For most, “foreign exchange” conjures up thoughts of summer holidays, travellers’ cheques and working out if an ice-cream costs more at home. However, a growing number of us have discovered that currency can also be a way to make sure of a whole lot more than the occasional knicker bocker glory.
Currency trading has become big business for retail investment platforms and this trend shows little sign of abating. Just last month, a net £14 billion flowed into the 58 Europe-listed exchange-traded currency funds measured in a universe monitored by data monitor Morningstar.
Paul Dimambro, head of Hargreaves Lansdown Currency Service, says: “There are a variety of different ways for retail investors to trade currencies, including contracts for difference, spreadbetting and exchange traded funds (ETFs).
“There has been a large increase over the past decade as investor needs have become more sophisticated and currencies have dominated the financial headlines. Currency pairs which have been of particular interest to UK private investors include sterling versus the euro and US dollar, and the euro versus the US dollar. The Australian dollar, yen and Swiss franc have become increasingly popular to trade over the past few years.”
Investor needs have become more sophisticated and currencies have dominated the financial headlines
As far as currency is concerned, it seems ETFs are no longer the main story. “There has been limited activity in the currency ETF space owing to lack of exposure, awareness and understanding of the products,” Mr Dimambro explains.

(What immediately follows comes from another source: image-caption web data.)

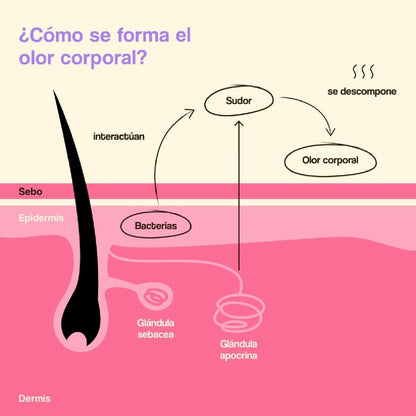 Pack de 2 Desodorizantes Caring Smart Microbiome Freshly 40ml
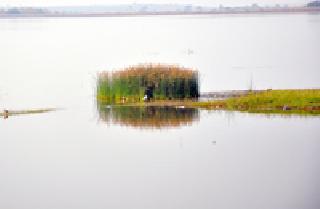 The beauty of the lake ... | तलावातले सौंदर्य...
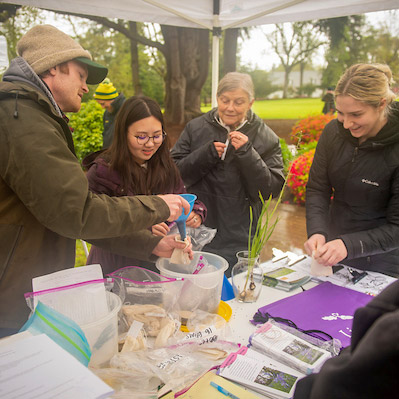 Four attendees learn about camas bulbs at a Camas Fest booth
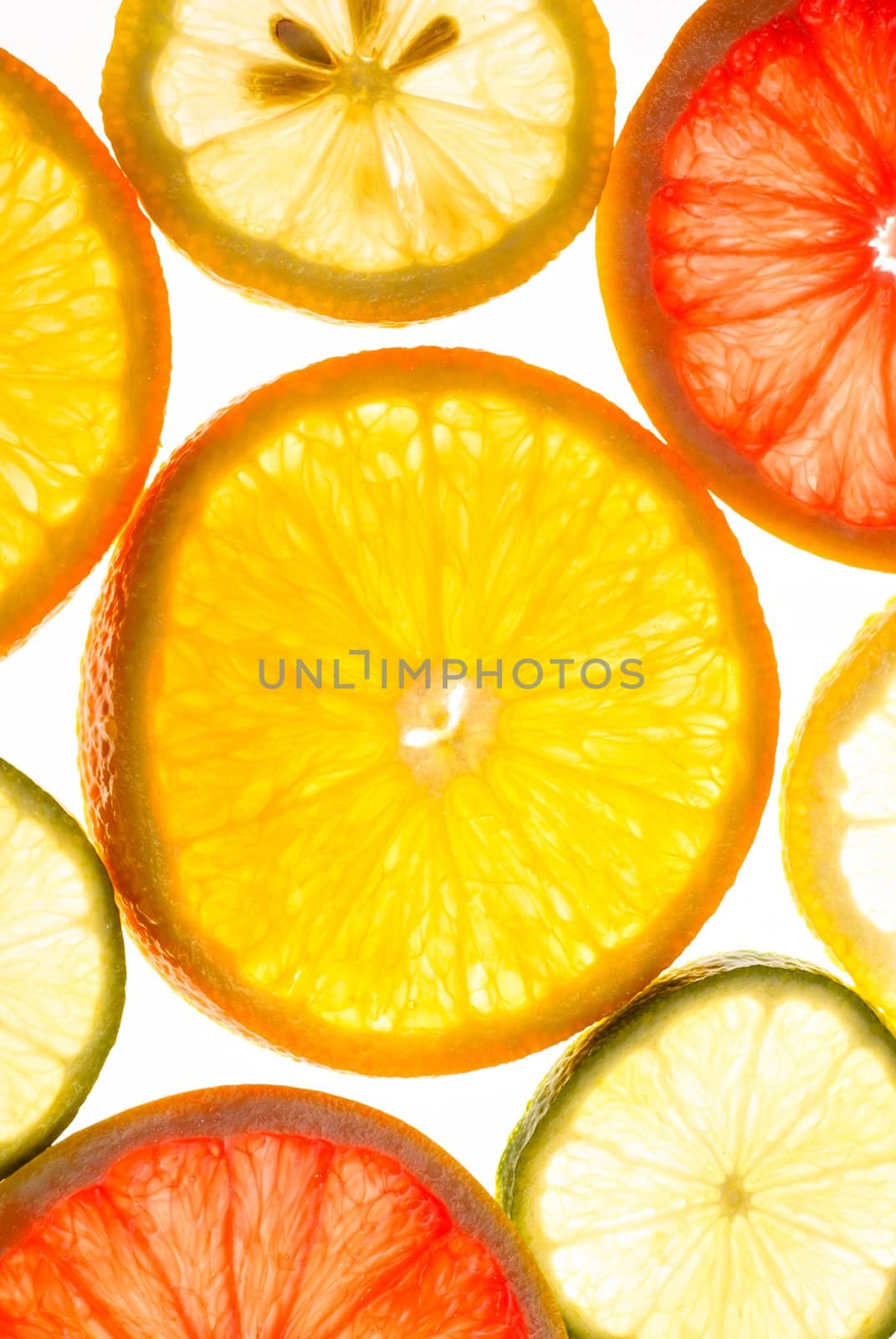 Slices of grapefruit, lemon, lime and orange as a background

Investors have been taking a bet that one country’s economic prowess is better than the other in its simplest form. Spreadbetting – or taking a view on the difference between the cost of buying each currency – has found favour with the mainstream investor. Hargreaves Lansdown has seen between a 40-50 per cent pick up in its foreign exchange service in the past 12 to 18 months.
David Jones, chief market strategist at IG Index, says: “Clients have seen currency as a hot market over the past couple of years because of higher than normal volatility.”
Mr Jones says, although it would not be unusual for an investor to take a 12-month position on euro/dollar movement, the trend had become to access more exotic pairs. “This is a simpler way of trading particularly as these markets are so liquid. This also means that the costs are relatively small,” he says.
So, if the low fees and liquidity are already available on the pair you want, why bother betting on a basket of currencies that you don’t need. This could be the explanation for why ETFs as currency tools have not enjoyed the same success as some other vehicles.
But can retail investors really beat the market? High up in the shiny towers of London’s Canary Wharf are the high rollers whose daily positions would make several eurozone nations green with envy, and it is unlikely their strategies
and knowledge can be beaten.
But that is not necessarily important, according to Hargreaves Lansdown’s Mr Dimambro: “Their attitude to risk is different; retail investors usually look for longer-term trends rather than making millions in one day.”
But don’t be fooled, the gap is closing. Most forex platforms now offer real-time news and prices so even without access to a trading floor and pages of in-house economist studies, investors are able to take an informed view on market movements.